Adapun pengecualian orang kafir harbiy, sebagaimana dinyatakan syaikh ‘Abdul Qadim Zalum dan Syaikh asy-Syinqitiy, maka hal ini karena darah mereka tidaklah maksum dimasa hidupnya, maka hal yang sama juga berlaku disaat ia mati. Juga karena hadis riwayat ‘aisyah, yang menyatakn bahwa keharaman memecah tulang mayat itu berlaku pada mayat mukmin. lafadz al-mukmin dalam hadis itu adalah isim sifat, maka bisa ditarik mafhumnya. Dengan kata lain, ketentuan ini tidak berlaku pada jasad mayat seorang kafir.
Al-Hasil transplantasi organ dari sesosok mayat kepada tubuh yang masih hidup diharamkan dalam kondisi apapun, termasuk dalam kondisi darurat sekalipun.
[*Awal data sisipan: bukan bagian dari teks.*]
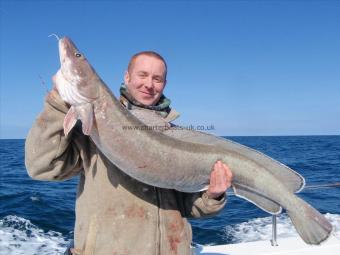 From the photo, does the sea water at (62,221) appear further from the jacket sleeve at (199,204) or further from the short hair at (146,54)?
the short hair at (146,54)

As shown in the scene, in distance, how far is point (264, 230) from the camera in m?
10.3

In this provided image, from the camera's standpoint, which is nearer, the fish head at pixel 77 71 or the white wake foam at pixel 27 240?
→ the fish head at pixel 77 71

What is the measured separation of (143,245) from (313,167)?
21.9m

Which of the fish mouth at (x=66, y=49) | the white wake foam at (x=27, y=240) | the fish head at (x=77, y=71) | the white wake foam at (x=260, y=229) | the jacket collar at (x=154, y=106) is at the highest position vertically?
the fish mouth at (x=66, y=49)

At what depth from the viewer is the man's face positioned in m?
3.82

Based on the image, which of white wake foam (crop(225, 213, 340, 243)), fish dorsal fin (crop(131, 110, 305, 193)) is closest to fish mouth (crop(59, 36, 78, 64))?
fish dorsal fin (crop(131, 110, 305, 193))

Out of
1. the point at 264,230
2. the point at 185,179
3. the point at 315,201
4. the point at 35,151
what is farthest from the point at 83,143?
the point at 315,201

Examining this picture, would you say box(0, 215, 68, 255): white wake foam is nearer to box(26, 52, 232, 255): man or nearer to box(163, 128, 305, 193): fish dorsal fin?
box(26, 52, 232, 255): man

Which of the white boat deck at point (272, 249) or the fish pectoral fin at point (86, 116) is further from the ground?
the fish pectoral fin at point (86, 116)

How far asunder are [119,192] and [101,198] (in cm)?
17

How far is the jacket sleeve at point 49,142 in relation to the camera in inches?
129

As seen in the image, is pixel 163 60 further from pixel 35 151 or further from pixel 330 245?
pixel 330 245

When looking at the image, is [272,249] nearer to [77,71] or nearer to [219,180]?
[219,180]

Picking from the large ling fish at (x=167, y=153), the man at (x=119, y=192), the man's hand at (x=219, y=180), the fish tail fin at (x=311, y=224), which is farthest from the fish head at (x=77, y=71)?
the fish tail fin at (x=311, y=224) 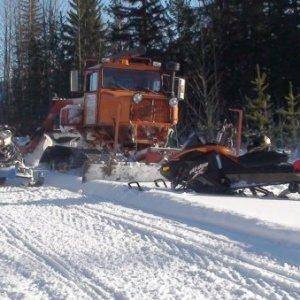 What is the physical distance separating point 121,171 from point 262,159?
3.65 m

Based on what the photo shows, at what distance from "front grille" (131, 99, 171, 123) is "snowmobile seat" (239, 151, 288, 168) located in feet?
15.4

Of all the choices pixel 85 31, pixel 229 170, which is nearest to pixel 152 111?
pixel 229 170

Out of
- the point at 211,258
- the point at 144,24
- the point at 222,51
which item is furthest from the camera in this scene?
the point at 144,24

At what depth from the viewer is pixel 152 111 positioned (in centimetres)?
1432

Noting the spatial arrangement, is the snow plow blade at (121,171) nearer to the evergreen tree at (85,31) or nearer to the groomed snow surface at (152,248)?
the groomed snow surface at (152,248)

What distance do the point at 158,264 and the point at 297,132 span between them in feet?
47.6

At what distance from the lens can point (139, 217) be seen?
27.0 ft

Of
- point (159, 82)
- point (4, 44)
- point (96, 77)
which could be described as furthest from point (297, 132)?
point (4, 44)

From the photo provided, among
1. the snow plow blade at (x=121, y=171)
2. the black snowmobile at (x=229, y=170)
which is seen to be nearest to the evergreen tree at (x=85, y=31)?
the snow plow blade at (x=121, y=171)

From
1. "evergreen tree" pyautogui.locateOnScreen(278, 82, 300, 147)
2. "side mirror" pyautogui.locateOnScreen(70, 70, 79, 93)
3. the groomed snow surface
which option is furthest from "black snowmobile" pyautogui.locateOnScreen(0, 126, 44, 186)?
"evergreen tree" pyautogui.locateOnScreen(278, 82, 300, 147)

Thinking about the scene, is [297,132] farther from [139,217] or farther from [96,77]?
[139,217]

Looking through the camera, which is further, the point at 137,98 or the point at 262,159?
the point at 137,98

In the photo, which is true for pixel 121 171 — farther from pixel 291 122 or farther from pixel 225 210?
pixel 291 122

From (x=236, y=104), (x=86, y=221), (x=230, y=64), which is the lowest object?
(x=86, y=221) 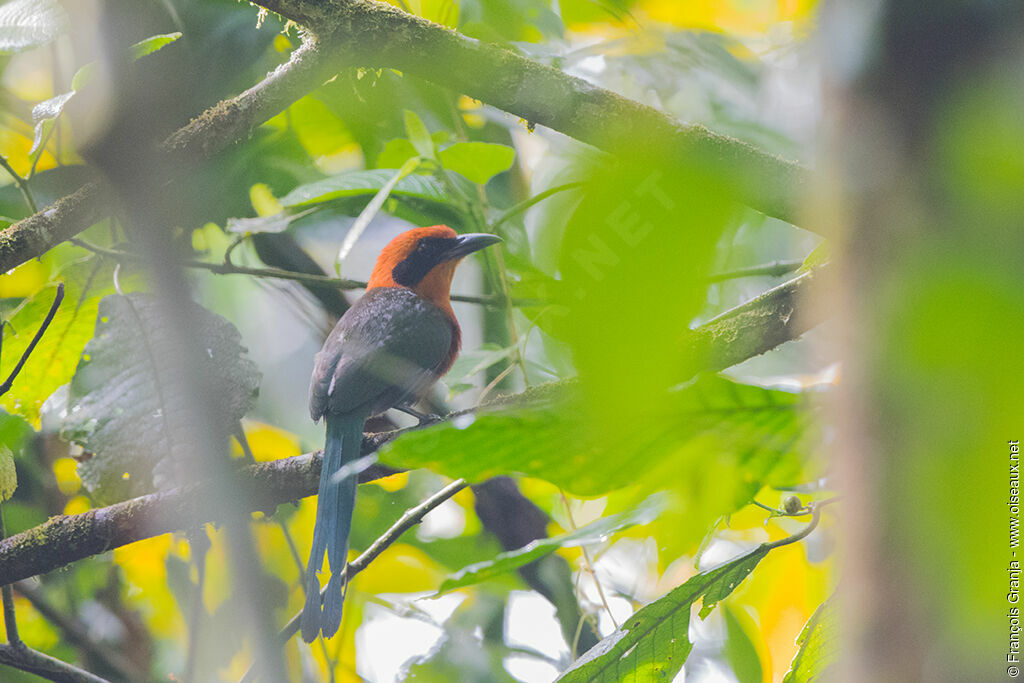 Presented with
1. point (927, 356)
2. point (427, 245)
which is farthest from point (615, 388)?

3. Jenis transaksi pendonoran
Apabila berkaitan dengan pemberian maka diperbolehkan, akan tetapi bila diperjualbelikan, dari paparan di atas kita dapat menyimpulkan bahwa hukum jual beli organ tubuh diharamkan dalam sebagian besar fakta organ yang akan ditranplantasikan. Sebab, setiap perkara yang haram untuk dimanfaatkan maka haram pula untuk diperjualbelikan (maa yahrum intifa’uhu yahrumu bai’uhu), Seperti, keharaman menjualbelikan bangkai karena keharaman pemanfaatan bangkai itu sendiri. Pendapat sebagian besar ulama kontemporer yang membolehkan tranplantasi tidak serta merta membolehkan jual beli organ tersebut. Sebab, mereka membatasi kebolehan tersebut dalam kondisi darurah dengan cara donor (at-tabarru’ah). Mereka sepakat bahwa fakta daruroh tidak bisa diberlakukan dalam tijaroh (jual beli) organ tubuh. Sehingga, menurut mereka keharaman jual beli organ tubuh berlaku umum pada seluruh jenis oragan tanpa kecuali. Kesimpulan ini bisa dilihat dalam fatwa-fatwa yang telah disebutkan di atas. Begitupun pendapat Syaikh ‘Abdul Qadim Zalum, jual beli organ tubuh mayat diharamkan, karena tak seorang pun memiliki haktasharruf atas jasad mayat, baik dengancara tabarru’ (donor) ataupun al-ittijar bih (jual beli). Adapun, jual beli organ tubuh di saat masih hidup yang dilakukan oleh pemilik organ tersebut, maka dzohir pendapat beliau hal itu diperbolehkan, selama bukan pada objek-obejk vital yang bisa menyebabkab kematian. Sebab, seseorang memiliki hak atas tubuhnya berdasarkan dalil-dalil yang telah kita paparkan di awal. Sehingga ia memiliki hak untuk mentasharufkannya baik dengan cara donor atau jual beli. Namun, sekali lagi hak ini tidak bisa diwariskan. Sebab kepemilikan terhadap harta (al-milkiyah lil amwal) berbeda faktanya dengan kepemilikan terhadap jasad atau organ (al-milkiyah lil jism au al-adho’). Wallahu a’alam.